[Stored data entries]
○ ○ ○ ○ ○ ○ ○

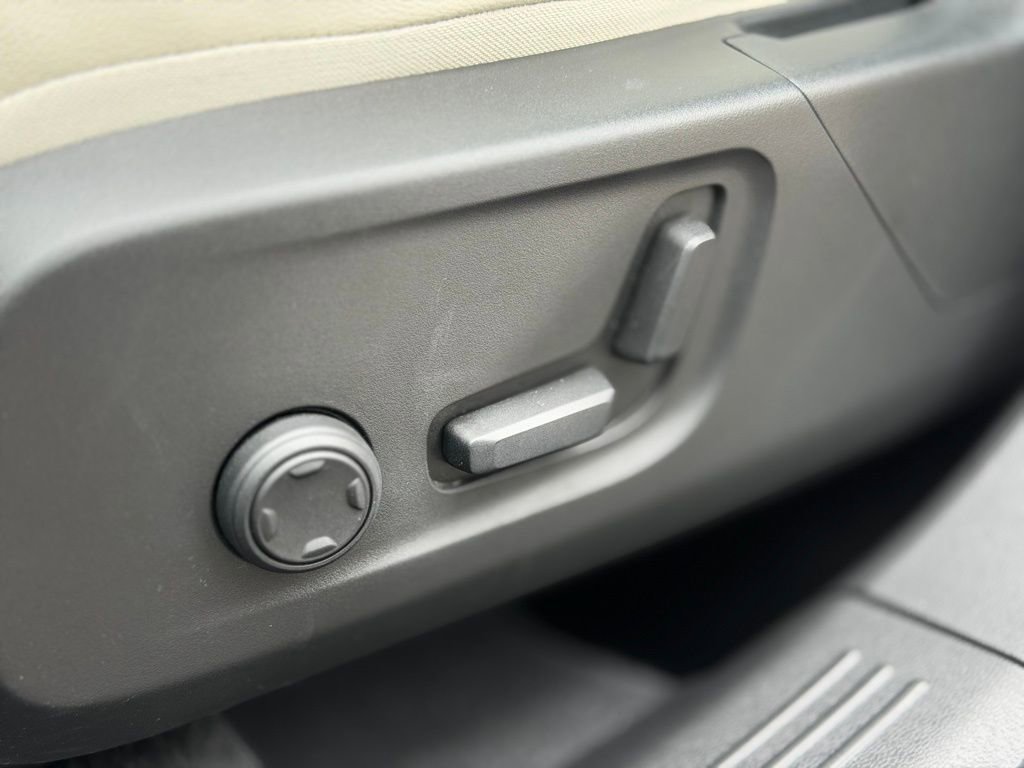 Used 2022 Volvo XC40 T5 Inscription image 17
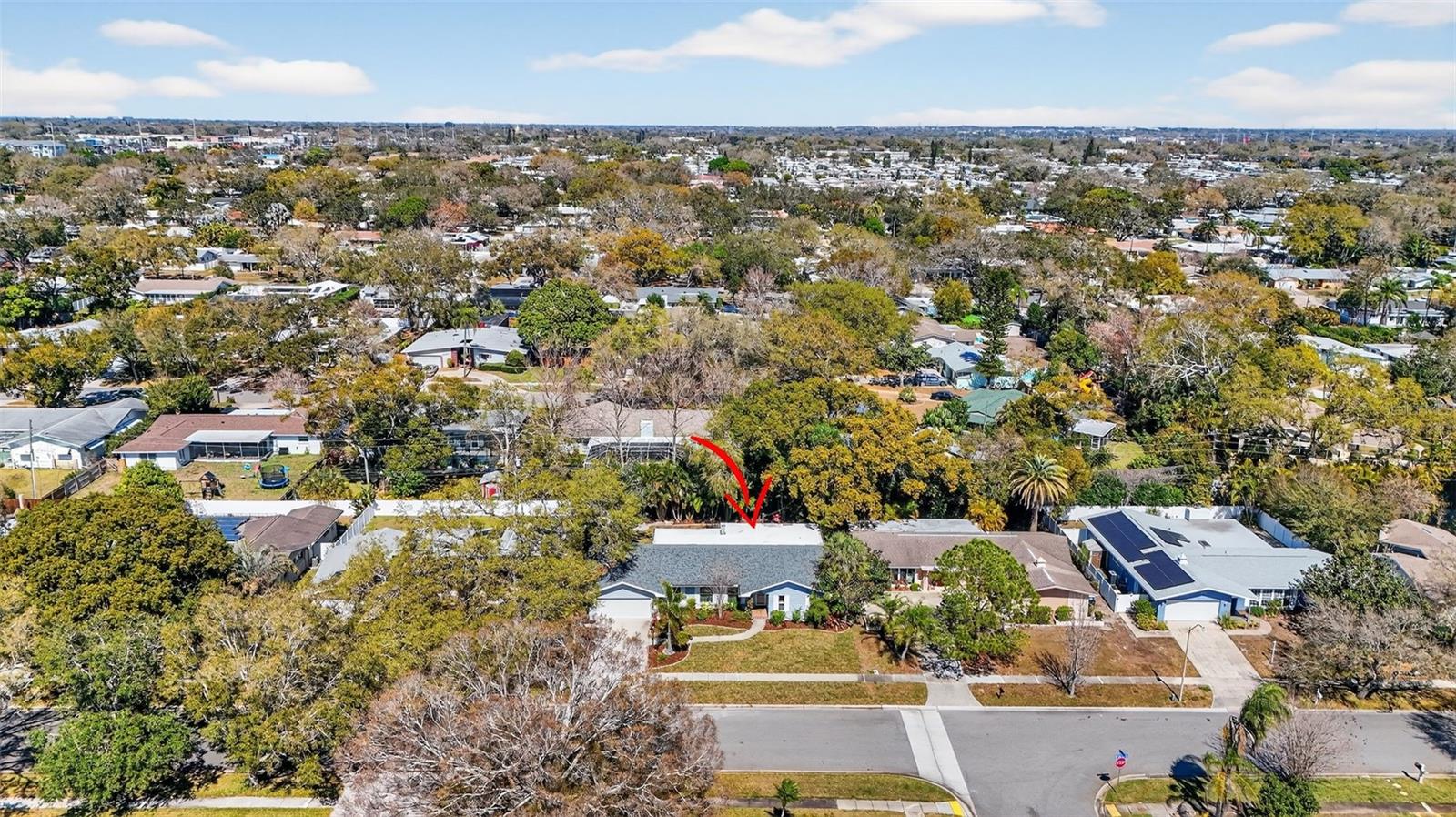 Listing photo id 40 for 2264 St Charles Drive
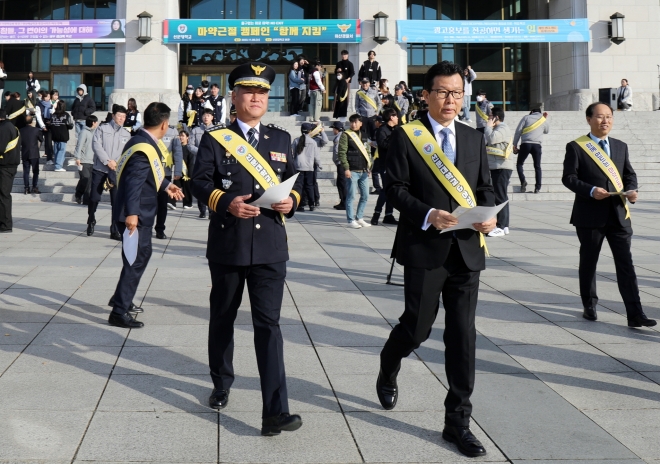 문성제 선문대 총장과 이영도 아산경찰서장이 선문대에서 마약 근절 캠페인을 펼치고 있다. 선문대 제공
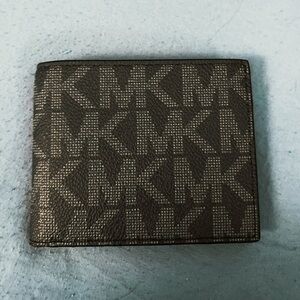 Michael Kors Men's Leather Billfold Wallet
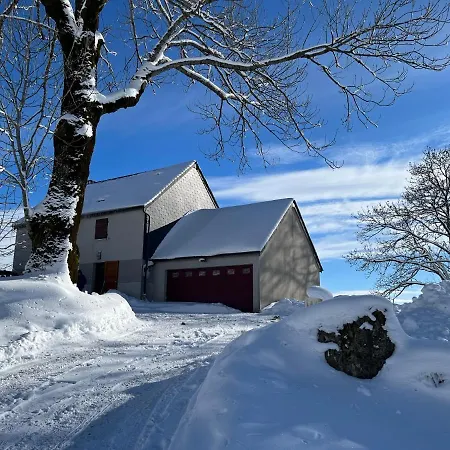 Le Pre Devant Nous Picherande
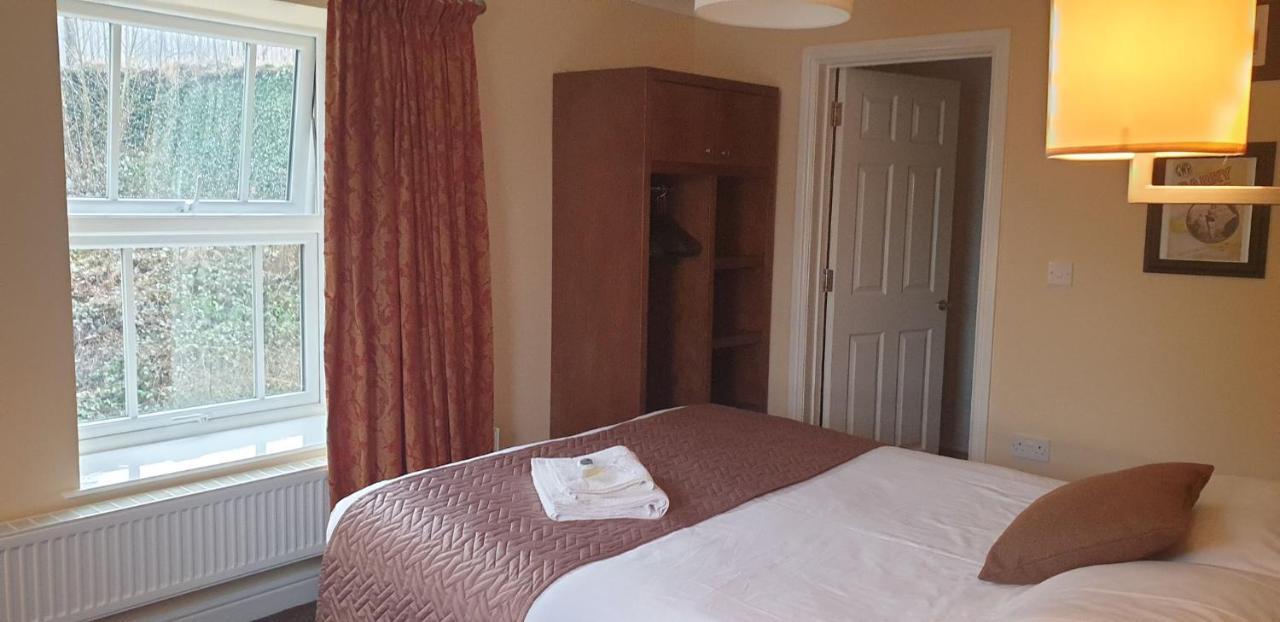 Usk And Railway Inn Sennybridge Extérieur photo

○ ○ ○ ○ ○ ○ ○

• _Required work_: Beginning with the line that holds "Listing photo id" and continuing to the end of the entries above, set down each line exactly, both ends included; include no pictures.

• _Task response_:
 Listing photo id 40 for 2264 St Charles Drive
 문성제 선문대 총장과 이영도 아산경찰서장이 선문대에서 마약 근절 캠페인을 펼치고 있다. 선문대 제공
 Michael Kors Men's Leather Billfold Wallet
 Le Pre Devant Nous Picherande
 Usk And Railway Inn Sennybridge Extérieur photo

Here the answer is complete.